Over the past year or so, I’ve entered into a new field of study. I did not choose this field of study; it definitely chose me. It perhaps began when we were awaiting the results of Josh’s genetic testing, done at the insistence of our audiologist who strongly believed that a syndrome was responsible for Josh’s hearing loss. We still don’t have an answer to that question, but we are once again advancing to some more refined genetic tests through John Hopkins.
From that time of testing (around age 10 months), I watched various peculiar behavioral issues emerge in my son, some staying, some dissipating as time goes by. Indeed, on more than a few occasions throughout the past few years I’ve spent sleepless nights gripped with terror over Josh’s future or afternoons spent on my knees, pleading for guidance and help. Needless to say, by the time we found our way to a Sensory Processing Disorder diagnosis in December of 2011, I had already begun to read a bunch of stuff on autism and related disorders. I have also found myself reading about ADD and ADHD, as my eldest son came to me last spring, telling me that he was certain he has ADD. I finally had him tested last week (6 hours of a full battery of tests with an educational psychologist–no results yet). I think it was just being exposed to our occupational therapist and all the subtle clues she picks up on in Josh that have allowed me to be more aware of not only Josh, but of my other two children’s various potentially neuro-atypical behaviors. As well as my own leanings this way. I mean, I think we are all somewhere on the neuro-atypical spectrum, which challenges the need for the label neurotypical. Still, if we aren’t labeling just to push away but to accept and embrace, then perhaps such labels are tolerable.
Today I read something that bears repeating (as opposed to summarizing) here:
To be alienated is to be compartmentalized, estranged, heretical. The alienated are the ones who can’t be integrated but need to be included, who we include by excluding . . . . Through language, we cast judgment on people, lock them up, treat them, hide them, group them, exclude them. It’s as if there are “things” that exist that we don’t see we’ve created with words: homosexuals, depressives, compulsives, psychotics, neurotics, schizophrenics, suicidals. We are word addicts in our attempts to keep things at bay. The spectrum of suffering is vast because the possible scenarios our mind can enter are equally vast. Since we can only truly be cured by something through entering it fully, maybe healing and torment always go together.
Stone, Michael. What’s the Music All About? May 2012 Shambhala Sun.

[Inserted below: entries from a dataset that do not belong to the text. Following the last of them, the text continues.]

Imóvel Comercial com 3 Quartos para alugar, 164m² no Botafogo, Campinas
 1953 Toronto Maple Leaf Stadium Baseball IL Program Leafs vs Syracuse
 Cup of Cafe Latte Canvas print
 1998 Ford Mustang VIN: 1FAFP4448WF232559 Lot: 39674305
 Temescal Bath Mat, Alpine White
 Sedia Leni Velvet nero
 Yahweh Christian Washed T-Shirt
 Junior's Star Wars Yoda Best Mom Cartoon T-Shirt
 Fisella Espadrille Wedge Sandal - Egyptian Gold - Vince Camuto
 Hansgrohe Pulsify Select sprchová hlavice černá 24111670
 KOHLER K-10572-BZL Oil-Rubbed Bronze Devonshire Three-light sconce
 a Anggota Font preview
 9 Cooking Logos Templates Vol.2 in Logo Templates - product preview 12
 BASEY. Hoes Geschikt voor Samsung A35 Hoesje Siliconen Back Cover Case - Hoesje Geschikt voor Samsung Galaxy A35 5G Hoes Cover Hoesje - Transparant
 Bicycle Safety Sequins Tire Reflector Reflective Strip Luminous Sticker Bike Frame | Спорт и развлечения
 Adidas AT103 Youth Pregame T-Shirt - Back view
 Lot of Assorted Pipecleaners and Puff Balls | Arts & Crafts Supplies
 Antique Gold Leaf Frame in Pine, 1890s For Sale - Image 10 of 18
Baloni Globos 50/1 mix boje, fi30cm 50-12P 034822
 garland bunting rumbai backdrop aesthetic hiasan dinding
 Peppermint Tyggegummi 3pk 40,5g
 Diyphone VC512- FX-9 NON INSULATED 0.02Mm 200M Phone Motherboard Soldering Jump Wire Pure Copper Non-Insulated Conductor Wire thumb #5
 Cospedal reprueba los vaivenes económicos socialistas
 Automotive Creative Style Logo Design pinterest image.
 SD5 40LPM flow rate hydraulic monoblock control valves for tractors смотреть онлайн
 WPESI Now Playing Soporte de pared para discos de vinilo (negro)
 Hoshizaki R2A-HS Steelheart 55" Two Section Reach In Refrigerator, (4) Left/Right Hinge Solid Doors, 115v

Language and labeling can be both a starting point and a point of separation. We’ve learned more about the brain since the 1990’s than we had in all previous recorded time to that point. Where does that leave us. I guess it leaves us with knowledge and a place to research learn and experiment. Before “sensory integration disorder” was labeled by educational pioneer Jean Ayres, there was no language to identify or explain sensory issues in children. Indeed, because I now have a language and knowledge around sensory disorders, I am now aware that I had sensory issues whenever my mother brought out tights, lace or nylons when I was younger. I freaked out. I still cannot even think of the texture of such things without shuddering. Would it have alleviated some of our fights if she truly understood how painful it was for me to have to be subjected to the wearing of these tight, scratchy, non-breathing fabrics? I also realize that I make certain hand motions around my face when stressed that could be labeled “stimming.” My oldest brother used to (lovingly) imitate me and make fun of me for doing these motions of either rubbing my hands together really vigorously until I calm myself or putting my hands on either side of my mouth and squeezing hard (sort of like The Scream). My oldest son has been also noticing these hand motions of mine for years and bringing them to my attention(although rarely done in public, I am not always aware that I am doing these things–yoga is helping with this awareness). I rock in a rocking chair about four-five hours/day. No kidding. When I was in college and law school, that was the only way I could study. I now type on my lap top, about a hundred fifty miles/minute, while rocking in a rocking chair. In fact, I am rocking as I write. I also have suffered on and off with intense anxiety throughout my life. And so I am starting to wonder if I have SPD as well or if, per chance . . . well, who knows? I guess the label doesn’t matter so much at this stage of my life. I just don’t think that I am neurotypical (and certainly my ex-husband was not neurotypical); so where does that leave my older two children? I want labels, but I don’t want them. I want to embrace my differences as much as I want to heal those that are painful–say, per chance, those that might make learning difficult for my older son or cause him to be extremely socially awkward.
I am having difficulty ending this post because I don’t really have any conclusions. I just wanted to say, I am on this path. I have entered this field of study. I am asking questions. I am researching. I am opening my heart and mind to where this all might be taking me.
I guess I’ll rest with this: labels are dangerous unless we can also understand and embrace that we are also all one.